Ed ecco che immediatamente dopo si imponeva non solo la ricostruzione fisica delle chiese distrutte ma anche, e soprattutto, la delicata ricostruzione del tessuto della persona umana, oggetto di disumanizzanti sperimentazioni da parte dello stato totalitario albanese.
A padre Santucci toccò in sorte una delle zone maggiormente asservite mentalmente e operativamente alla elaborazione ideologica di quello che era il nuovo corso comunista dell’Albania del centro nord (area a maggioranza schiacciante musulmana dove tuttavia si trovava una piccola “enclave cattolica”, disseminata in modo disomogeneo nel territorio).
Essa – in virtù del forte influsso ricevuto dal contesto circostante, fortemente mussulmano e per essere stata seguita in modo piuttosto sporadico dalla cura pastorale (anche prima dell’avvento del regime comunista) – aveva sviluppato una fisionomia a sé stante, un po’ neopagana e un po’ ottomanizzata, e per certi aspetti differente dal nucleo del cattolicesimo storico albanese con capoluogo la città di Shkoder.
Aggiungo questa nota di carattere sociologico per dare conto delle ulteriori difficoltà con cui ha dovuto misurarsi Padre Santucci, trasformando questa sfida missionaria in una avvincente fonte di gratificazione personale e di attrazione di popolo albanese con l’intento di rigenerarlo a un vero e proprio processo di conversione ai valori autentici della fede e della cultura occidentali.

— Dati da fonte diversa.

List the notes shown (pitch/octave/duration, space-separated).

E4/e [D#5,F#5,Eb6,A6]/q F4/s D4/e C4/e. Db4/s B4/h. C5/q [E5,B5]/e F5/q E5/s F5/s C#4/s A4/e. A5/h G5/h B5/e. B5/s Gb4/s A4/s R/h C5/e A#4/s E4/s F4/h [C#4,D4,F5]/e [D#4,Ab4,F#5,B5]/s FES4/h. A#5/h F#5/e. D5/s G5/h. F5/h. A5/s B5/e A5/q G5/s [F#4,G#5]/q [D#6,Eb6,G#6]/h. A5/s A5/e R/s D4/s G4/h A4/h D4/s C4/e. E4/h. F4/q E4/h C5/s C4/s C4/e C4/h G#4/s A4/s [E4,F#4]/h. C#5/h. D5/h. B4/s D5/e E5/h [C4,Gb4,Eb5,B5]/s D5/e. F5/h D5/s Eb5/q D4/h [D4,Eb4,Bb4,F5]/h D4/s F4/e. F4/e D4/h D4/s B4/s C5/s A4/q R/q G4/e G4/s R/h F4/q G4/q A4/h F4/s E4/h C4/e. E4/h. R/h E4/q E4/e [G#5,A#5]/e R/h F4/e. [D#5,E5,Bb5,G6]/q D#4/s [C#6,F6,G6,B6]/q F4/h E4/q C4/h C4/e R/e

Gli albanesi sono stati abituati a leggere una parte consistente della loro storia, per colpa dei loro storici del “realismo socialista”, attraverso gli occhi del partito oppure – nelle migliori delle ipotesi – di quelli di alcuni illustri viaggiatori esterni, come Edit Durham, Lord Bayron… i quali, presi particolarmente dalla febbre esotica, descrivevano la realtà albanese con un pathos romantico ineguagliabile, in modo piuttosto orientato alla loro convenienza. Invece, il libro di Padre Santucci – anche nella prospettiva storica – fa un salto di qualità in termini di verità, di adesione alla realtà e di amore difficilmente eguagliabile.
Egli descrive e racconta le implicazioni storiche di un’epoca importante che fece passare l’Albania nella transizione verso la stabilità politica, fornendo dei canoni chiari ai suoi lettori nell’ordine della distinzione tra il realismo della storia e soggettivismo della letteratura passata per “storia” dal sistema comunista e le sue attuali reminiscenze.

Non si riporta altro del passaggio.